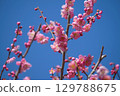梅花 129788675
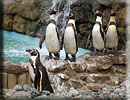 Penguins - (l-r) Joepi, Beau, Harvey, Charlie and Jess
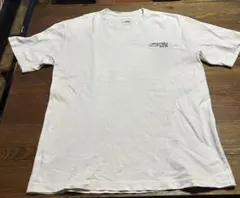 THE NORTH FACE 刺繍ロゴ　ホワイト Tシャツ L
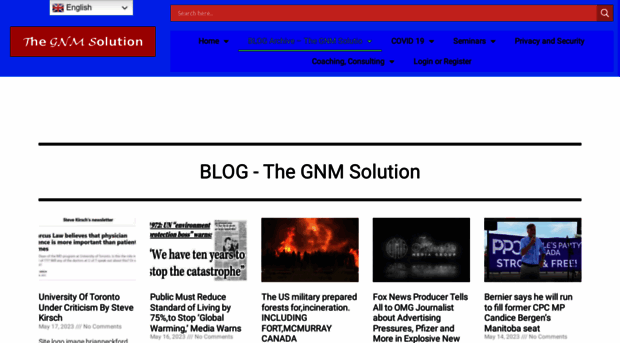 thegnmsolution.com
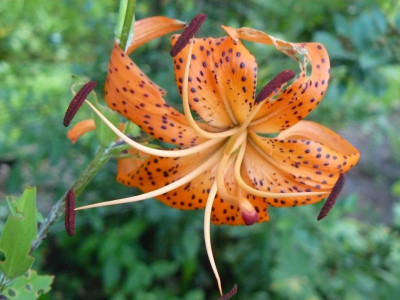 Lilium lancifolium var. splendens  (Glänzende Tiger-Lilie.jpg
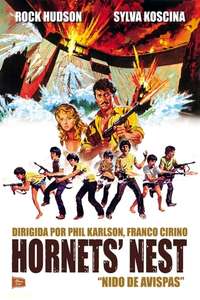 Hornet's Nest - Poster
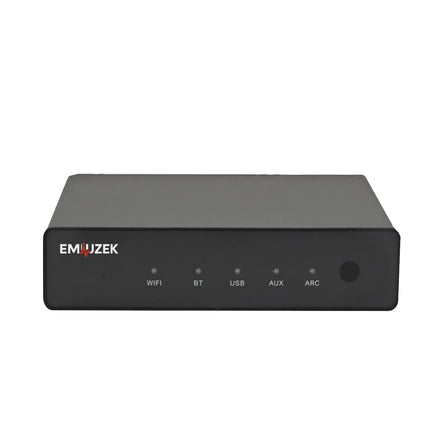 EMiUZEK R20 network audio streamer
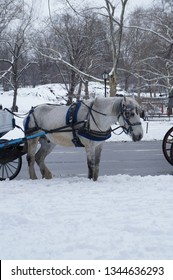 New York City Horse Drawn Carriage From Central Park On A Cold Winter Day With Snow Falling - Imagem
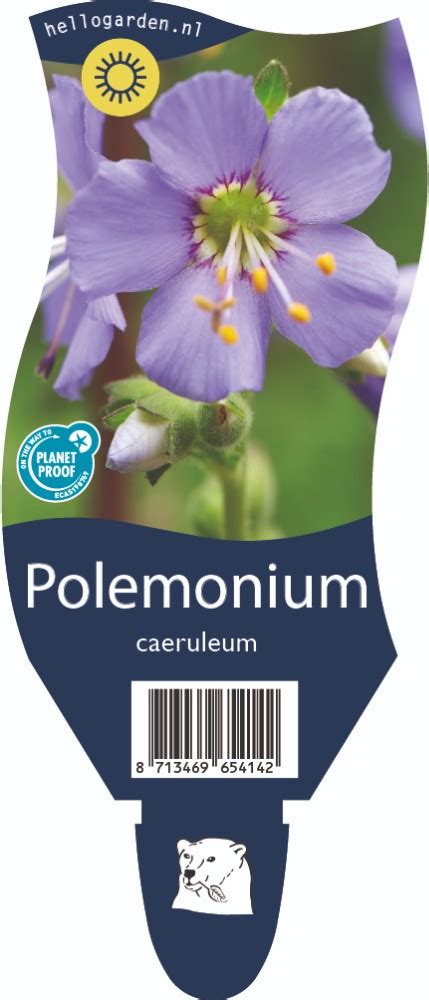 Polemonium Caeruleum Tuincentrum Vechtweelde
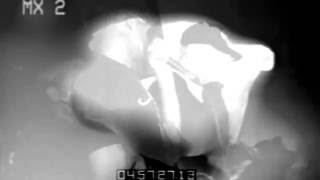 Lil Tracy - Desire [Slowed Visuals]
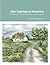 Our Journey to America by Joyce McChesney-Kaye
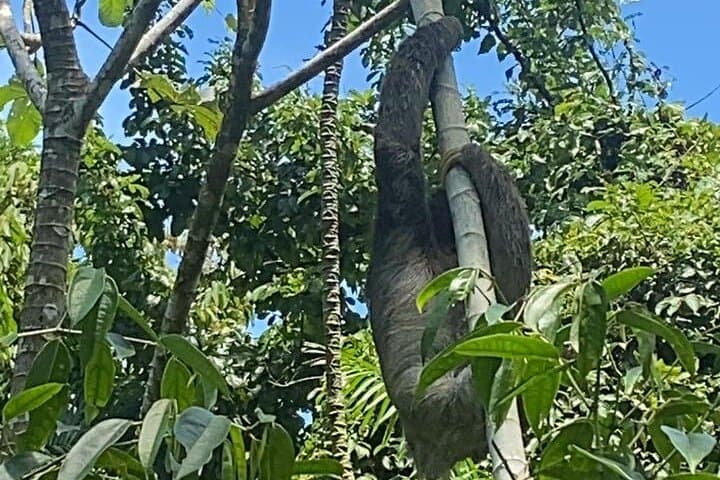 Private Transfer from SJO to La Fortuna — Comfortable Shuttle with Scenic Stops photo 5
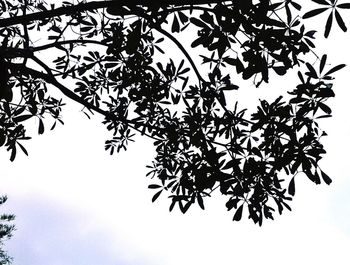 Low angle view of tree against sky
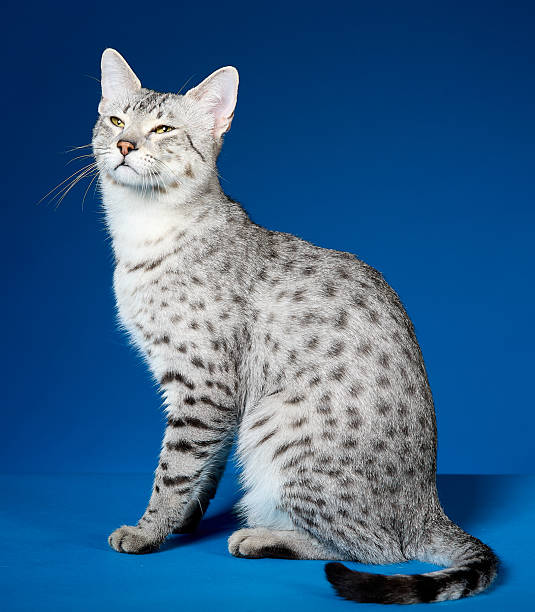 istock Cute Egyptian Mau cat with silver-gray spotted color sitting and looking up squinting 2228755321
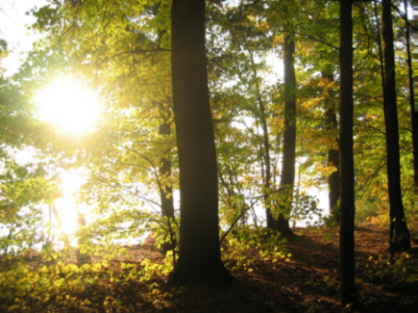 Fall at Bayshore 2.jpg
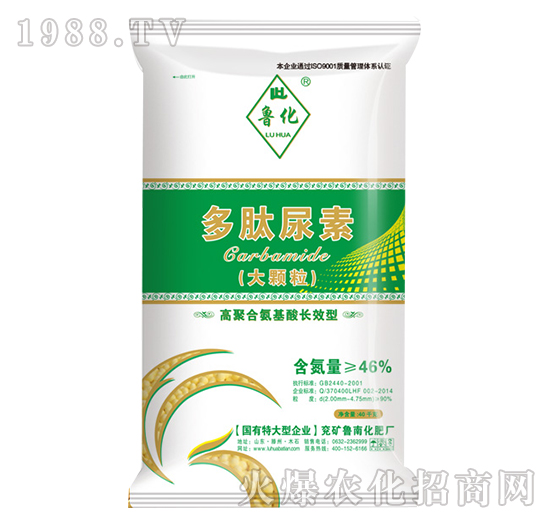 ���w����������-����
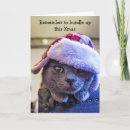 Search for funny cat christmas cards Festive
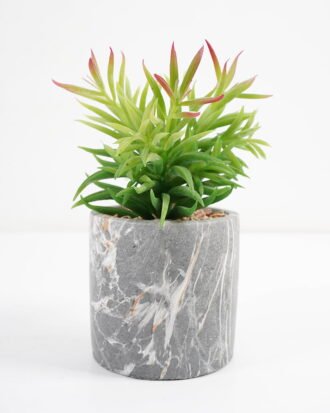 Artificial succulent 11*11*17cm Succulent in cement pot GS-51721004 Succulent YeahFlower is one of Chinese leading OEM manufacturers and exporters , supplying the silk flowers, wholesale artificial trees Artificial succulent 11*11*17cm Succulent in cement pot GS-51721004 Succulent YeahFlower is one of Chinese leading OEM manufacturers and exporters , supplying the silk flowers, wholesale artificial trees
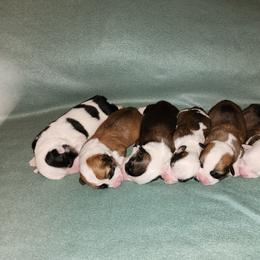 Labrador Retriever and Pembroke Welsh Corgi Puppies from White Star Corgis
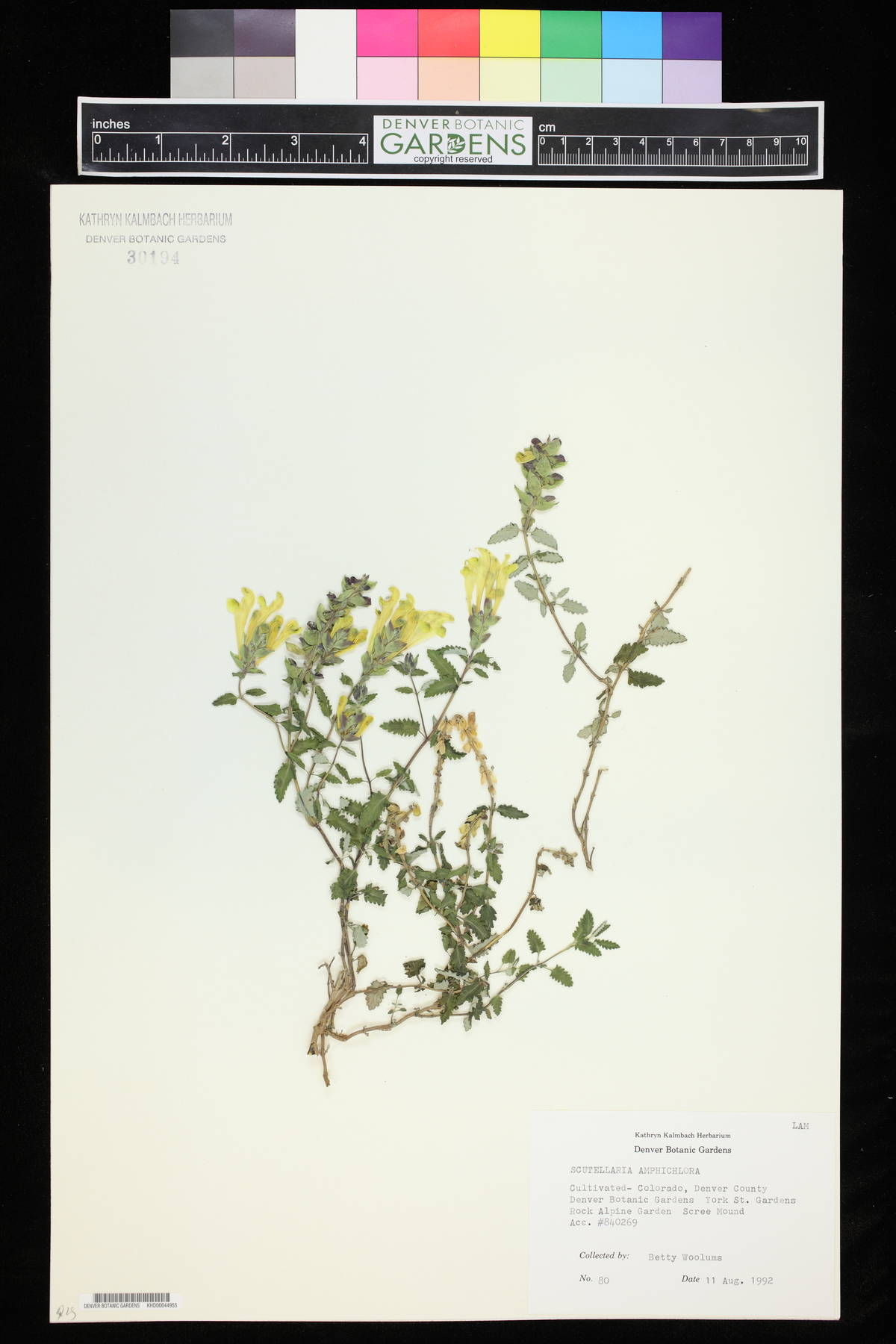 Scutellaria amphichlora image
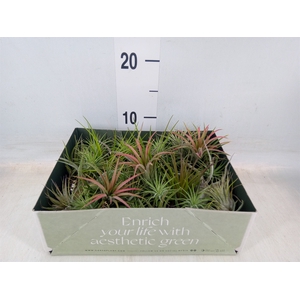 Tillandsia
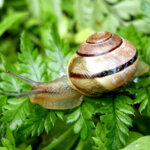 Garten-Bänderschnecke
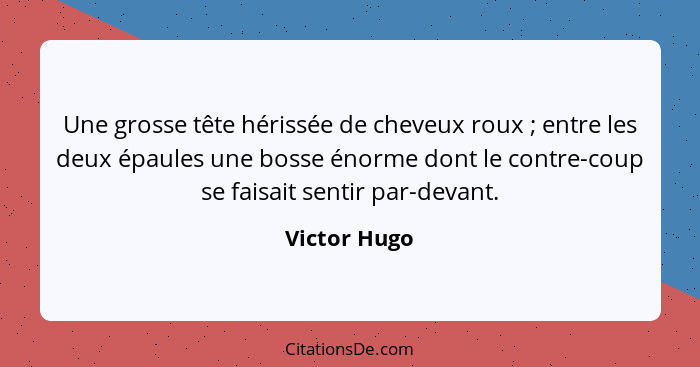 Une grosse tête hérissée de cheveux roux ; entre les deux épaules une bosse énorme dont le contre-coup se faisait sentir par-devant... - Victor Hugo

━━━

Exactly the lines from the one holding "Garten-Bänderschnecke" through the last line of the entries must be set down, with nothing added and no pictures.

Response to this exercise
 Garten-Bänderschnecke
 Une grosse tête hérissée de cheveux roux ; entre les deux épaules une bosse énorme dont le contre-coup se faisait sentir par-devant... - Victor Hugo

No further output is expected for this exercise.